Financial Advisors: You Don’t Need a Third Party to Manage Your Digital Marketing Efforts

Written by: Alex Cavalieri | CION Investments

To outsource your marketing efforts or not? It’s a difficult question and one we try to help Advisors answer on a regular basis. Marketing has always taken a back seat for many Advisors due to the nature of the business but heading into 2020, the question for Advisors is no longer whether marketing is important or not, it’s about how you can build and execute on your marketing strategy. In any marketing effort, there are 4 primary steps to getting it up and running – strategy, content creation, distribution, measurement/analysis. Rinse and repeat – strategy informs content and distribution; analysis informs the strategy. The biggest issue is we’ve seen many Advisors face is that they’re paying for people to manage their channels (e.g. social media) without having the strategy in place or really understanding their goals – they are essentially throwing s**t at the wall hoping it will stick. The control that's possible when you take things in-house can set up a long term growth framework, but there are a few items to tackle before you do.

Here’s what Advisors need to do instead

Define your strategy

Trying to market anything without the proper strategy is setting yourself up for failure.
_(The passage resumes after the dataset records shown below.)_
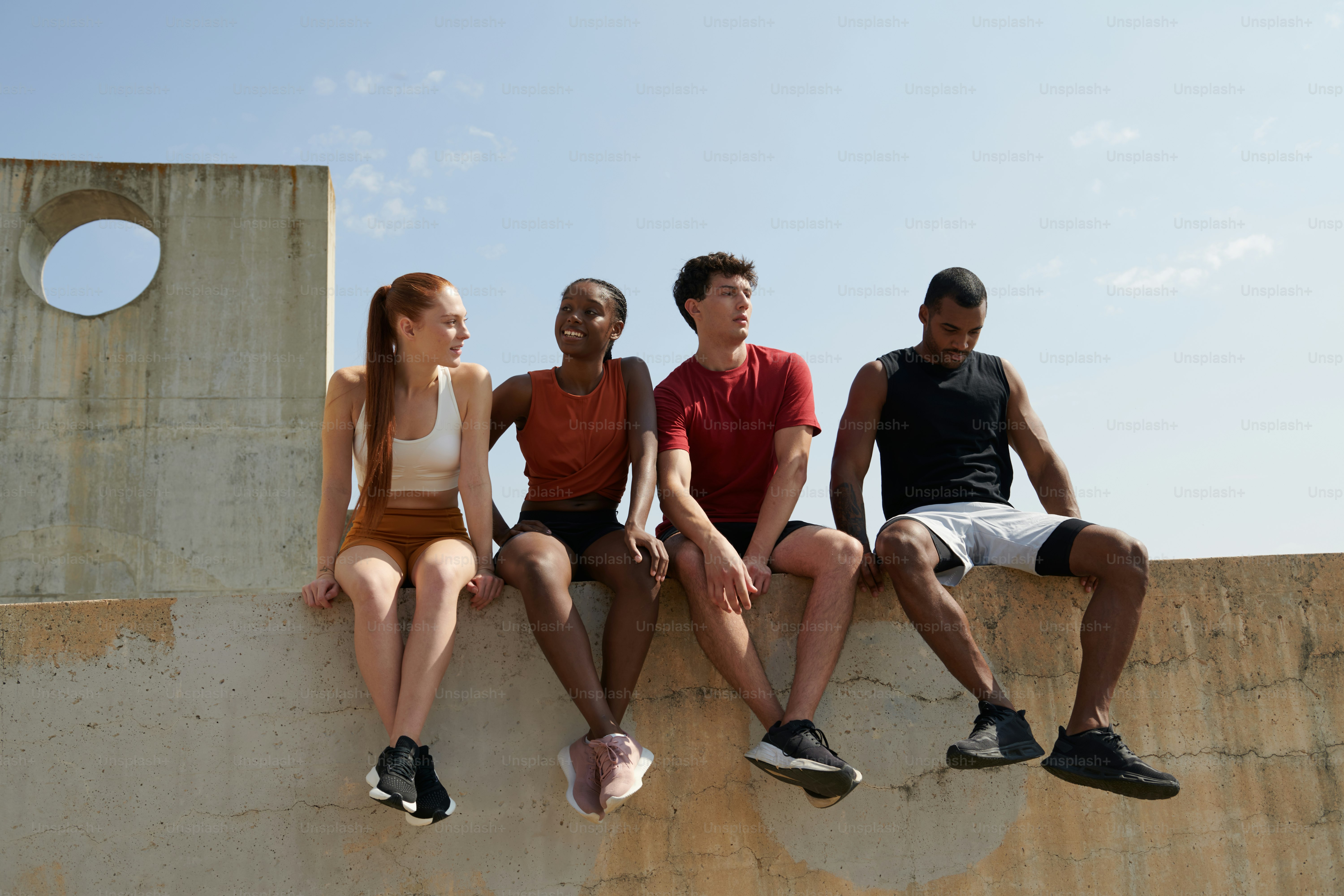 A group of people sitting on top of a cement wall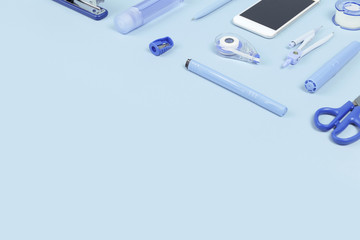 Assorted office and school white and blue stationery on pastel background as corner border. Flat...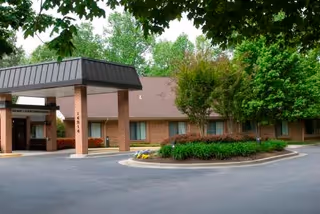 Exterior view of B'nai B'rith Homecrest House showing the entrance with a covered driveway supported by brick columns, surrounded by trees and shrubs.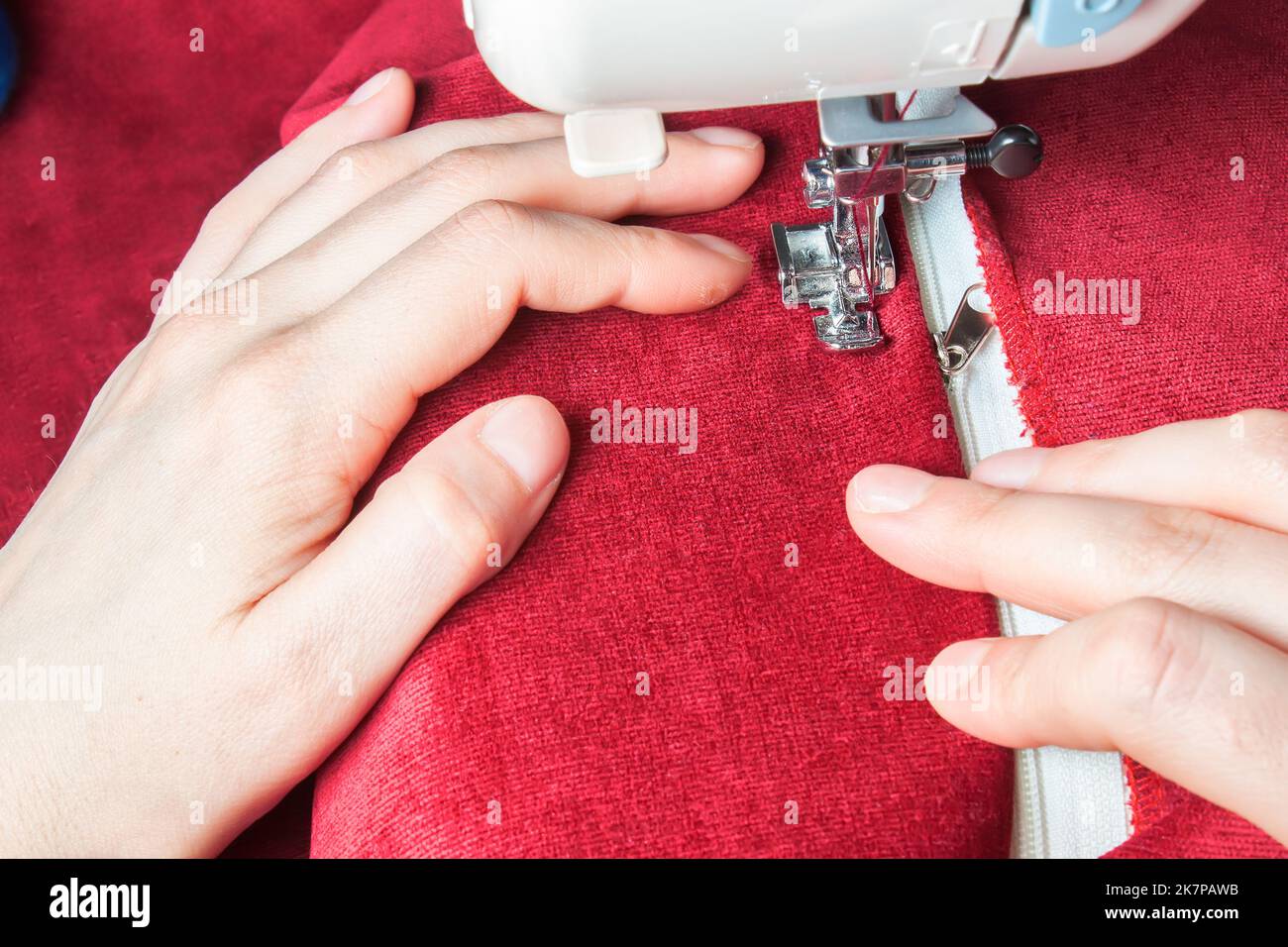 Schneiderhände nähen den Reißverschluss an roten Kleidungsstücken von einer modernen Nähmaschine mit speziellem Nähfuß. Nähprozess Stockfoto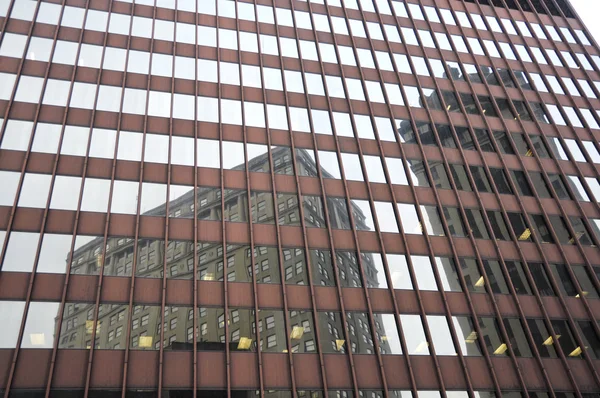 stock image Reflection of building in glass windows of a modern urban building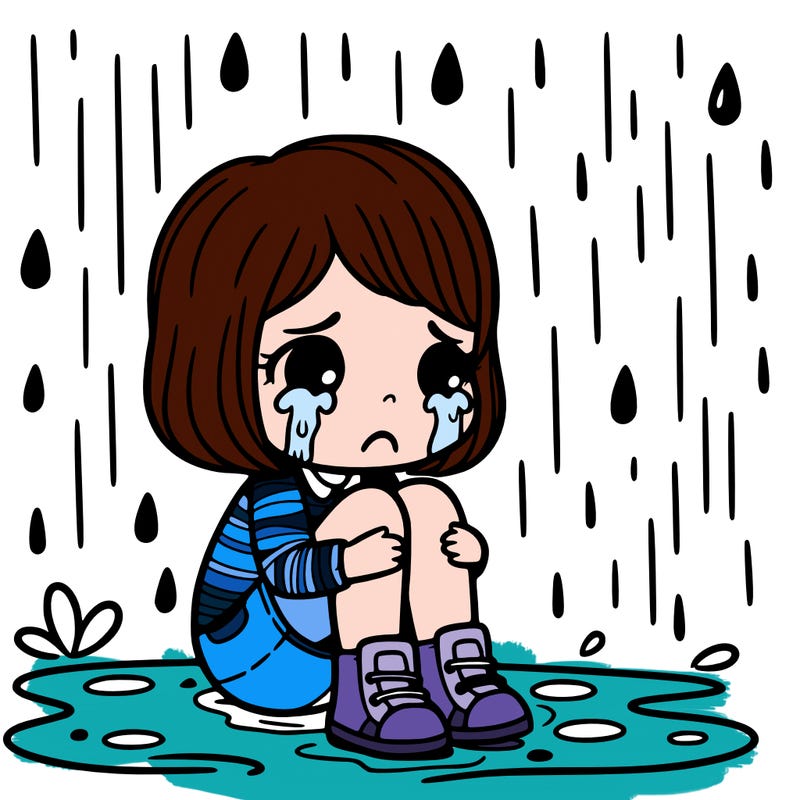 girl crying sitting in the rain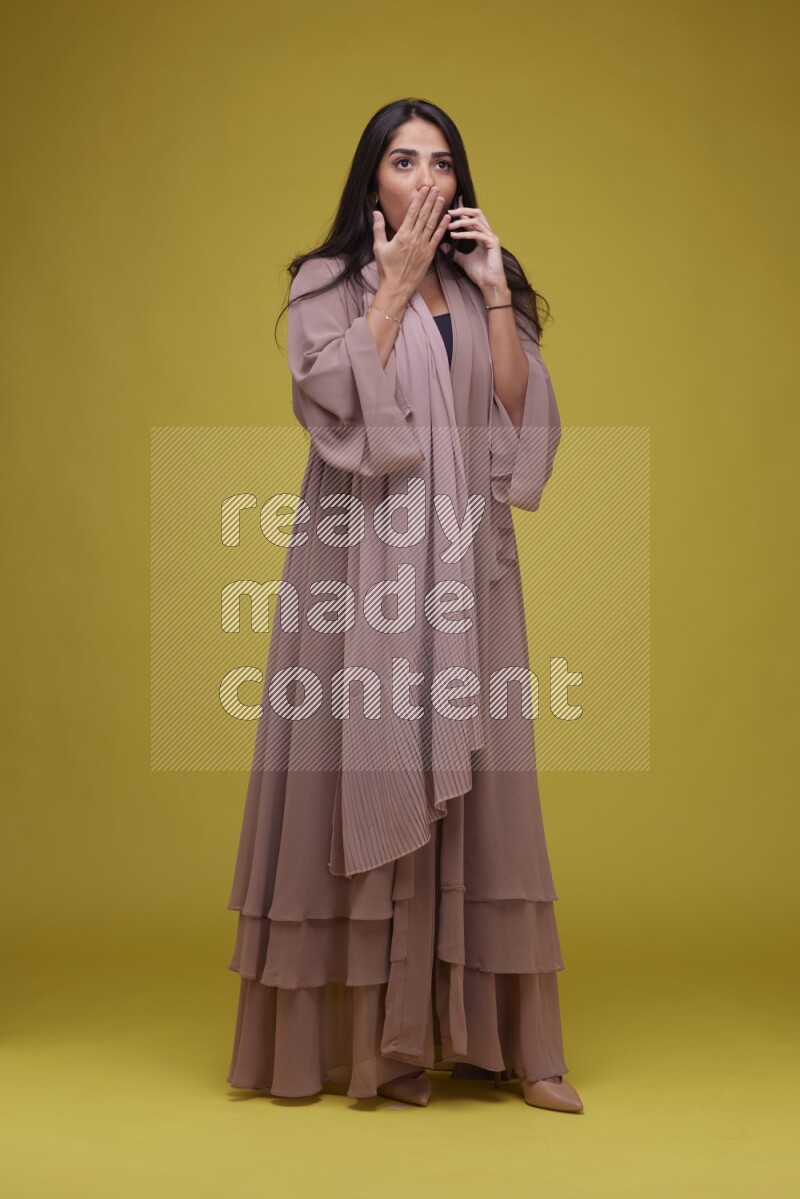 A woman Calling on a Yellow Background wearing Brown Abaya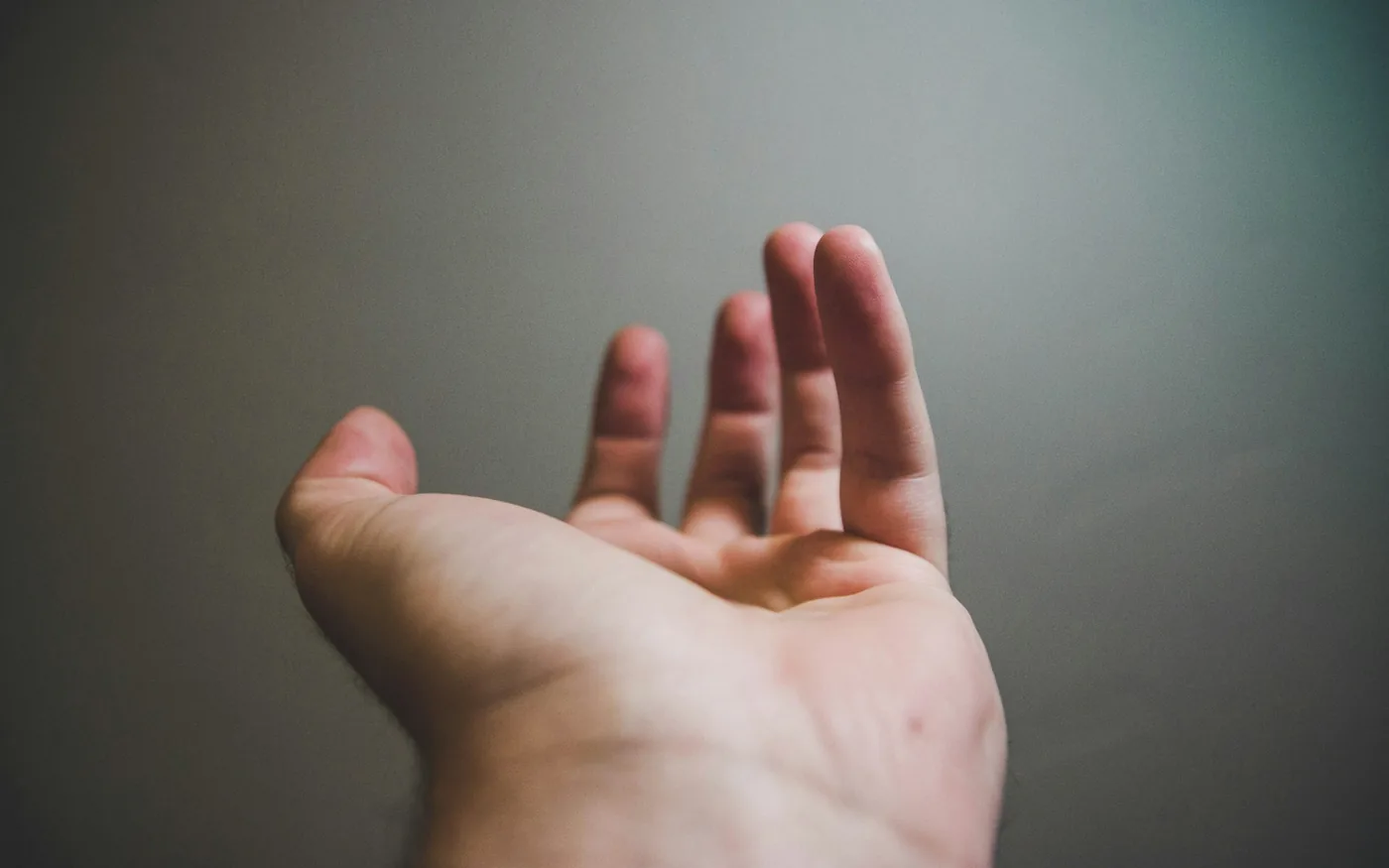 A tender nodule sits in the palm at the base of the affected finger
Taking the time to understand your audience, determine your content calendar, identify the proper channels, and root it all a few key goals, each move you make can be made with proper intention. Setting this strategy often gets Advisors out of this “I need to be on X channel” mindset and into this “where are my customers living and what are they looking for”.

Develop your foundation

We hear a lot about scaling a practice in the modern world. Some say it's easier than ever given our access to technology and the ability to reach anyone at a moment’s notice. Scale = efficiency. It allows us to deploy faster, pivot on a dime, serve more people, but without foundation, scale is easily breakable. If you're trying to market, but your brand and messaging are inconsistent, nothing will stick. If you're trying to sell, but your talk track changes, you'll lose the network effect. If you're trying to move fast, but your processes and systems aren't in place, it will result in chaos. This is why your brand foundation is critical – your messaging, your visual identity, how you talk about your practice, etc. Because if every time you execute, something's slightly different or your process changes (without good reason), you likely have a foundation problem.

Get trained up

Biggest speed bumps Advisors run into when getting their marketing up and running – time, resources, and understanding the marketing channel landscape. This is why training is so critical, because if you can take the time to get trained on the specific platforms, then you inherently become a marketer yourself. LinkedIn, Twitter, Facebook, content production – just a few of the key platforms you should ensure you’re not only familiar with, but expert enough to manage them in-house. In-house social media management is 10X better once you have the proper level of education and the right tools at your disposal. Invest in getting yourself or someone on your team trained.

Invest in content

The other biggest speed bump Advisors run into? Proper, compliance-OKed, content. You can’t have a marketing strategy without content. Every distribution channel loses its long-term value without content. Outside of training, content is one of the most critical elements you can invest in as an Advisor. Whether that’s carving out the time to build your own content or investing in a platform that provides differentiated content, this is a place you can’t short – particularly because the world of financial management is so important to investors. Heading into 2020, marketing is clearly a key to any business, especially within the FA world. Investing in the right areas can help differentiate your practice on a local and national scale. This also allows you to not be at the mercy of any one platform, channel, or third party software.